Suppose I have a table that records changes to my database over time:
TimeOfChange FieldA FieldB FieldC
-------------------------------------
2019-01-01 A1 B1 C1 /*(R1)*/
2019-01-02 A2 B2 C1 /*(R2)*/
2019-01-03 A2 B2 C1 /*(R3)*/
2019-01-05 A1 B1 C2 /*(R4)*/
2019-01-07 A1 B1 C1 /*(R5)*/
My database has many rows where nothing significant changed, eg row (R3) is the same as (R2).
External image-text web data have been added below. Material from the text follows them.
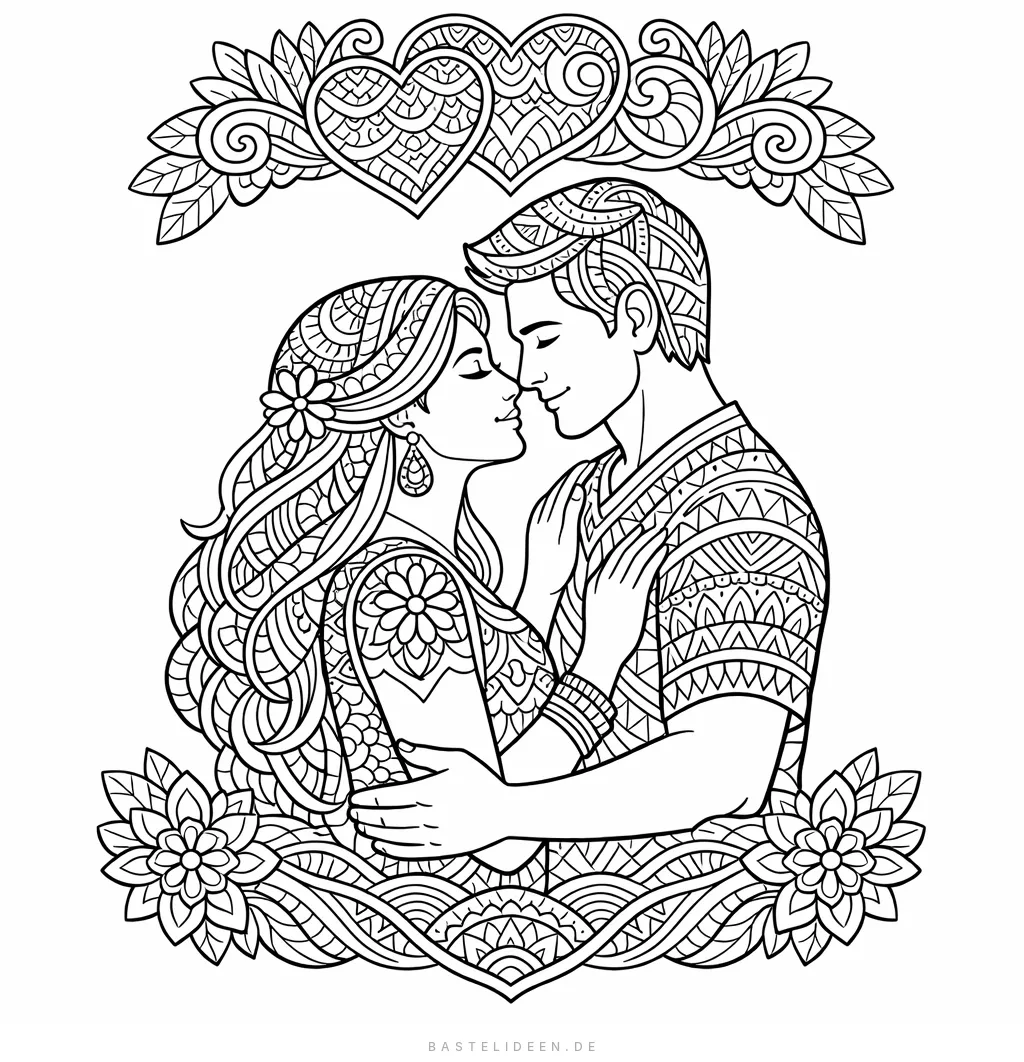 Romantisches Paar in inniger Umarmung mit Zentangle-Mustern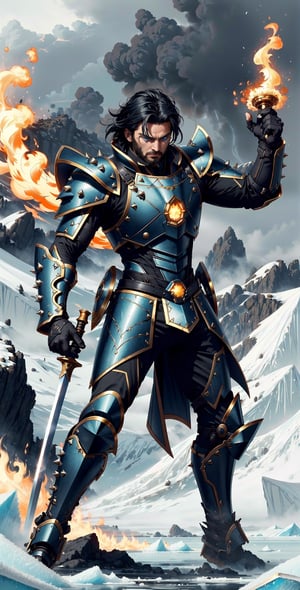 Create an image of a warrior donning leather armor that accentuates his lithe yet muscular form. His stance exudes readiness as he grips a shield and sword, prepared for battle. His spiky black hair adds a touch of wildness to his look, while his aqua blue eyes gleam with intensity. The air around him crackles with both fire and ice magic, his outstretched hand emanating flames and frost. His sword, an embodiment of magical prowess, gleams with enchantment. Capture the fusion of fire and ice elements in the surrounding environment to amplify the visual impact.",Science Fiction,luxtech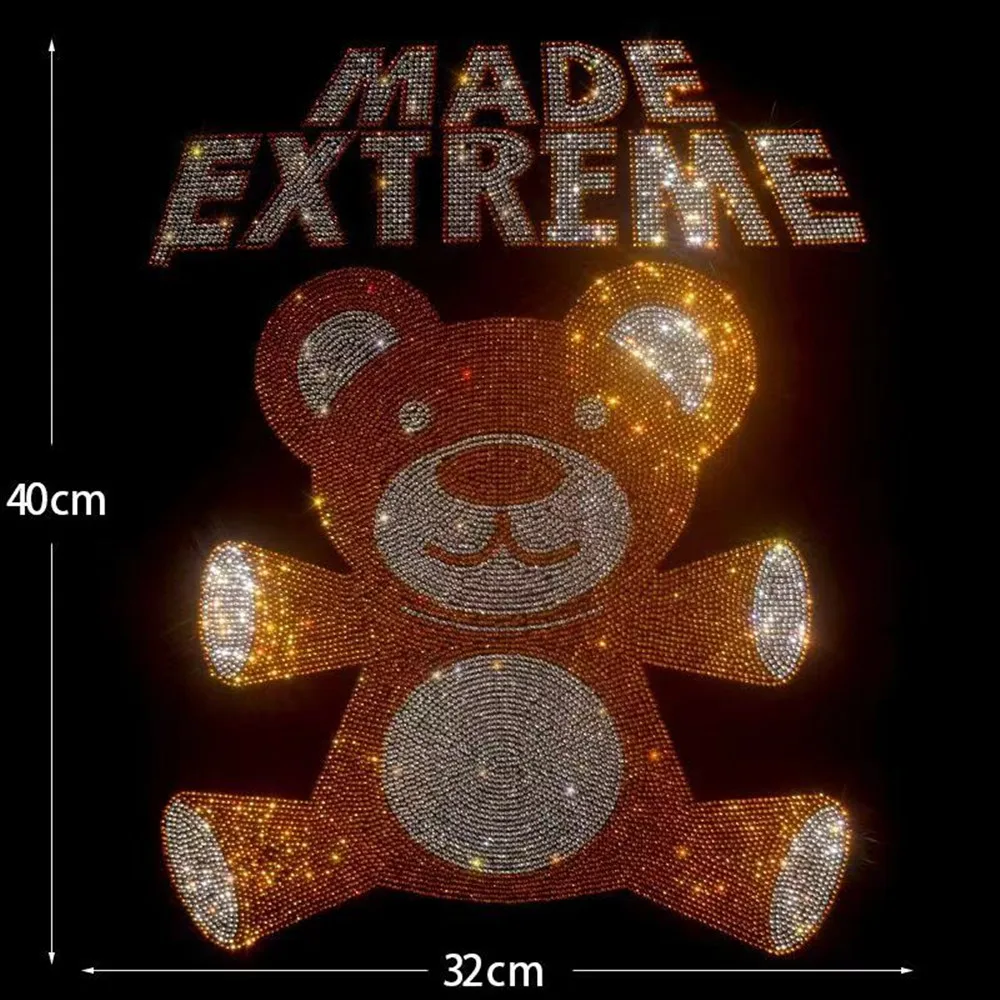 

Iron on Rhinestone Patches for Clothing Gold cute little bear large fashion patch clothing decoration accessories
I would like to remove these rows. I have found many references on how to use a common table expression to remove duplicate rows from the table. So it's possible to remove the duplicate (ignoring the TimeOfChange column) rows. But this will remove (R5) as well because it is the same as R1. I only want to remove the rows that have the same ABC values as the previous row, when ordered by the TimeOfChange column. How do I do that?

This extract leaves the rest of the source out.